# Using TensorFlow Scripts in SageMaker - Quickstart

Starting with TensorFlow version 1.11, you can use SageMaker's TensorFlow containers to train TensorFlow scripts the same way you would train outside SageMaker. This feature is named **Script Mode**. 

This example uses 
[Multi-layer Recurrent Neural Networks (LSTM, RNN) for character-level language models in Python using Tensorflow](https://github.com/sherjilozair/char-rnn-tensorflow). 
You can use the same technique for other scripts or repositories, including 
[TensorFlow Model Zoo](https://github.com/tensorflow/models) and 
[TensorFlow benchmark scripts](https://github.com/tensorflow/benchmarks/tree/master/scripts/tf_cnn_benchmarks).

## Test locally using SageMaker Python SDK TensorFlow Estimator

You can use the SageMaker Python SDK [`TensorFlow`](https://github.com/aws/sagemaker-python-sdk/blob/master/src/sagemaker/tensorflow/README.rst#training-with-tensorflow) estimator to easily train locally and in SageMaker. 

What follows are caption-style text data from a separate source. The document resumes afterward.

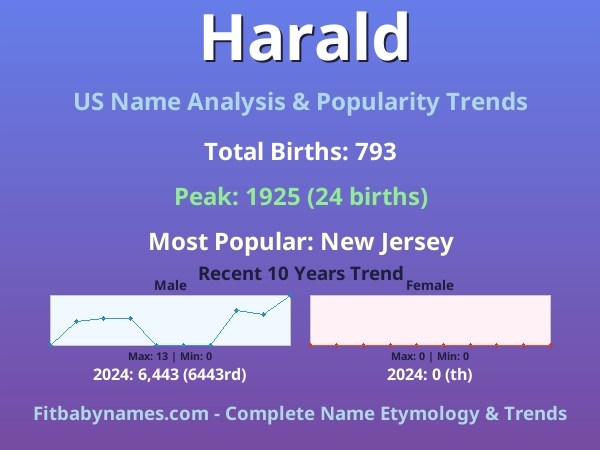 Infographic: Harald name meaning, origin, and popularity trends in the United States (US baby name analysis chart)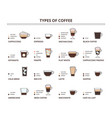 types of coffee drinks cappuccino latte flat vector image vector image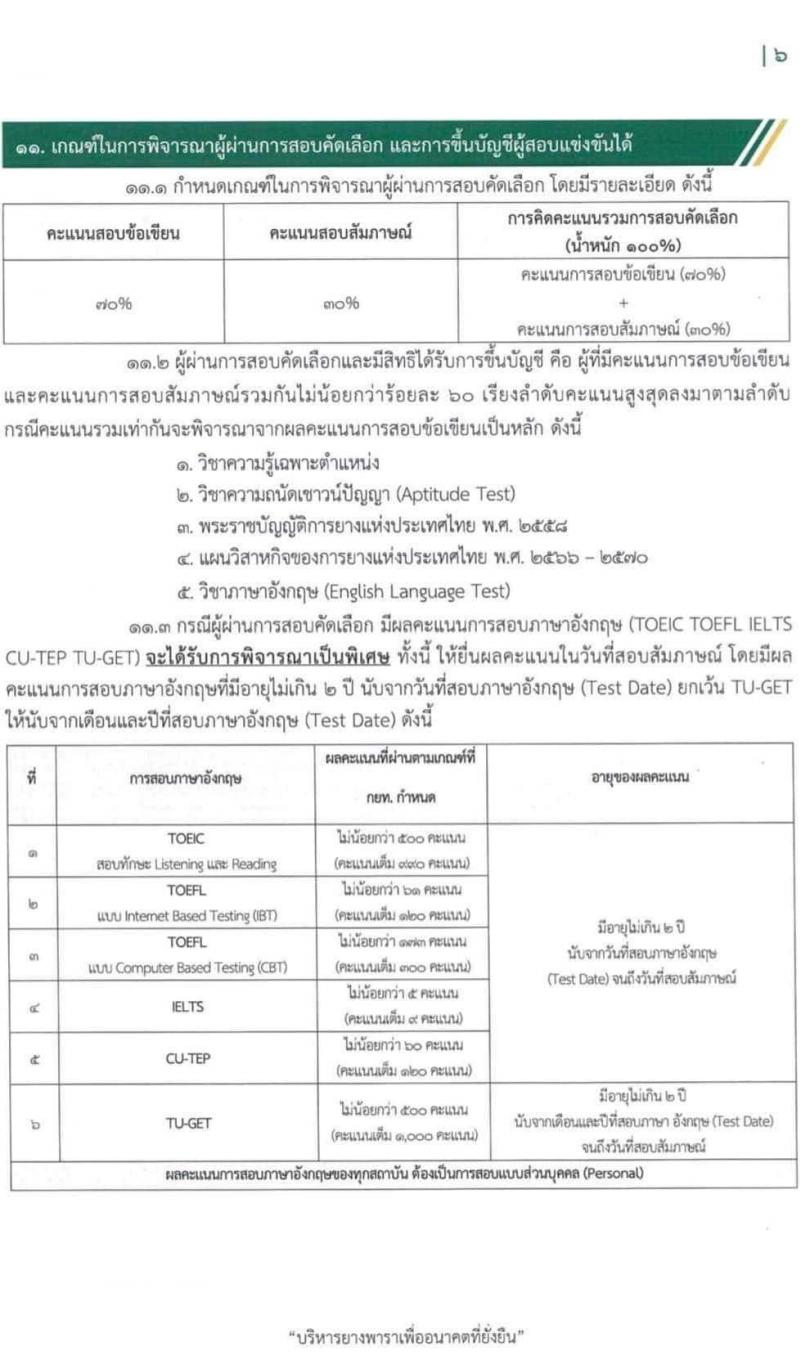 การยางแห่งประเทศไทย รับสมัครสอบคัดเลือกบุคคลทั่วไปเพื่อบรรจุเป็นพนักงานการยาง จำนวน 22 ตำแหน่ง 206 อัตรา (วุฒิ ป.ตรี) รับสมัครสอบทางอินเทอร์เน็ต ตั้งแต่วันที่ 17-31 ต.ค. 2565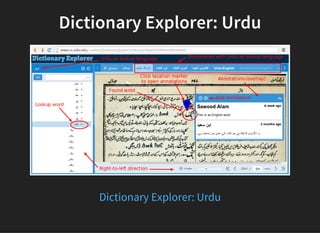 Dictionary Explorer: Urdu
Dictionary Explorer: Urdu
 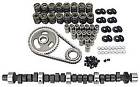K31-670-4 Comp Cams Nostalgia Plus Flat Tappet Cam Complete 036584081036 K31-670-4 Comp Cams Nostalgia Plus Flat Tappet Cam Complete 036584081036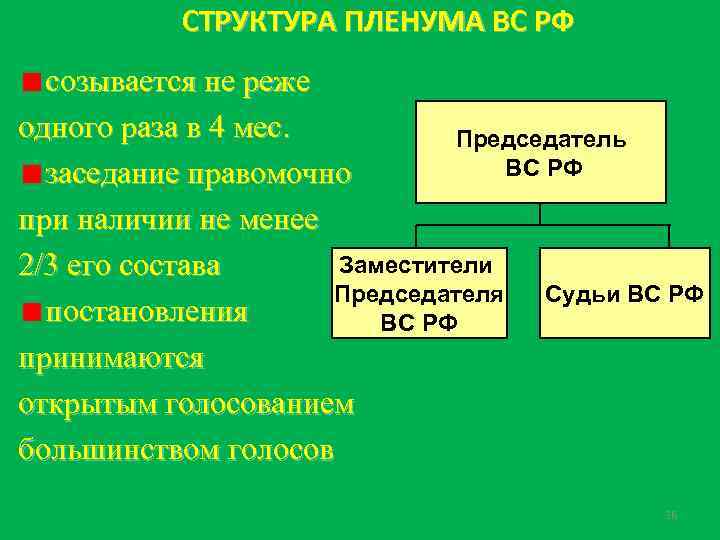 СТРУКТУРА ПЛЕНУМА ВС РФ созывается не реже одного раза в 4 мес. Председатель ВС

Let's start by setting the training script arguments `--num_epochs` and `--data_dir` as hyperparameters. Remember that we don't need to provide `--model_dir`:

In [1]:
from sagemaker import get_execution_role

role = get_execution_role()

In [5]:
hyperparameters = {'train_steps': 10, 'model_name': 'DeepFM'}

This notebook shows how to use the SageMaker Python SDK to run your code in a local container before deploying to SageMaker's managed training or hosting environments. Just change your estimator's train_instance_type to local or local_gpu. For more information, see: https://github.com/aws/sagemaker-python-sdk#local-mode.

In order to use this feature you'll need to install docker-compose (and nvidia-docker if training with a GPU). Running following script will install docker-compose or nvidia-docker-compose and configure the notebook environment for you.

Note, you can only run a single local notebook at a time.

In [6]:
!/bin/bash ./utils/setup.sh

The user has root access.
SageMaker instance route table setup is ok. We are good to go.
SageMaker instance routing for Docker is ok. We are good to go!


To train locally, you set `train_instance_type` to [local](https://github.com/aws/sagemaker-python-sdk#local-mode):

In [7]:
import subprocess

train_instance_type='local'

if subprocess.call('nvidia-smi') == 0:
    ## Set type to GPU if one is present
    train_instance_type = 'local_gpu'
    
print("Train instance type = " + train_instance_type)

Train instance type = local


We create the `TensorFlow` Estimator, passing the `git_config` argument and the flag `script_mode=True`. Note that we are using Git integration here, so `source_dir` should be a relative path inside the Git repo; otherwise it should be a relative or absolute local path. the `Tensorflow` Estimator is created as following: 


In [8]:
import os

import sagemaker
from sagemaker.tensorflow import TensorFlow


estimator = TensorFlow(entry_point='train_estimator.py',
                       source_dir='.',
                       train_instance_type=train_instance_type,
                       train_instance_count=1,
                       hyperparameters=hyperparameters,
                       role=role,
                       framework_version='2.2.0',
                       py_version='py37',
                       script_mode=True,
                       model_dir='/opt/ml/model')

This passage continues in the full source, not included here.